Additionally, we learn that His suffering was “even more than man can suffer, except it be unto death” (Mosiah 3:7). In other words, if any human were subjected as Christ was, it would immediately result in that person’s death. But not so with Jesus, for He had power over death—including when He would die—and He chose to remain alive until He knew that He had paid “the uttermost farthing” (Matthew 5:26) and could say, “It is finished” (John 19:30).

And, what was the cause of Jesus’s suffering? The scripture says, “for behold, blood cometh from every pore, so great shall be his anguish for the wickedness and the abominations of his people” (Mosiah 3:7). Jesus’s pain was physical, spiritual, and emotional; and His anguish was caused by our sins. It was so intense that the Savior prayed, “O my Father, if it be possible, let this cup pass from me”; but of course, Jesus immediately followed up that petition with, “nevertheless not as I will, but as thou wilt” (Matthew 26:39; see also Mark 14:35-36; Luke 22:42). This was our Savior’s attitude, determination, and willingness, just as it says in Mosiah 15:5, 7, 9: “And thus the flesh becoming subject to the Spirit, or the Son to the Father … the will of the Son being swallowed up in the will of the Father … being filled with compassion towards the children of men” (see also D&C 19:18-19). We too must work daily to submit our will to the will of the Father.

He won! The scripture states: “And thus God breaketh the bands of death, having gained the victory … taken upon himself their iniquity and their transgressions, having redeemed them, and satisfied the demands of justice” (Mosiah 15:8-9; see also Alma 7:12-13). This is our Redeemer, conquering both physical and spiritual deaths, in order to save us all.

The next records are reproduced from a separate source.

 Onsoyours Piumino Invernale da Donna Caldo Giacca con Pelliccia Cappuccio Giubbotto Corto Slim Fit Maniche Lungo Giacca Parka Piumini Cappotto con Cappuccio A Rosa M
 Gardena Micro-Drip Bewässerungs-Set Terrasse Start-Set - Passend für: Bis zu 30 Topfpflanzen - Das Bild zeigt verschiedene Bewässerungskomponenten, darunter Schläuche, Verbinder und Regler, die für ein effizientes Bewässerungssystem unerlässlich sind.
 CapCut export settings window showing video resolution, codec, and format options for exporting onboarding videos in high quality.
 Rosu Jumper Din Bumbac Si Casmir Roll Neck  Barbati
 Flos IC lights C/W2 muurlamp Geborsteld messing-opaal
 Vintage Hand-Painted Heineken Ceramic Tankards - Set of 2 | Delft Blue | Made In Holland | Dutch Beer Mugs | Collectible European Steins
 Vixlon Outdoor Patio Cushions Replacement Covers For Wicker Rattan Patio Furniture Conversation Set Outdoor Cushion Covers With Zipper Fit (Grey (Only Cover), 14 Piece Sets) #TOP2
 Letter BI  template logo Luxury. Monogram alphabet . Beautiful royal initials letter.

Mosiah 5:1-2; 27:8-28; Alma 15:3-12; 24:7-19 He Heals Us and Gives Us New Life

Go through these scriptures carefully and make a list of what happens when we are “born again” (Mosiah 27:25), as well as what happens any time we are strengthened or healed by Christ. Your list may look like this:

  1. A mighty change in our hearts; our disposition being changed to good continually (Mosiah 5:2).
  2. Sincere repentance, followed by spiritual rescue and re-birth (Mosiah 27:24).
  3. Being changed from carnal and fallen to a state of righteousness (Mosiah 27:25).
  4. Rescue from burning, bitterness, and bonds; instead beholding the marvelous light of God (Mosiah 27:28-29).
  5. Being healed of spiritual and emotional sickness (Alma 15:3, 5, 10-11).
  6. Being convinced of one’s sins and false traditions (Alma 24:7-9).
  7. Gaining forgiveness from God and having guilt removed from our hearts (Alma 24:10).
  8. A determination not to return to sinful ways (Alma 24:12-13, 15-19).
  9. A knowledge and understanding of the plan of salvation (Alma 24:14).
  10. Entering into a covenant relationship with God (Alma 24:18).
  11. Firmness in the faith (Alma 24:19).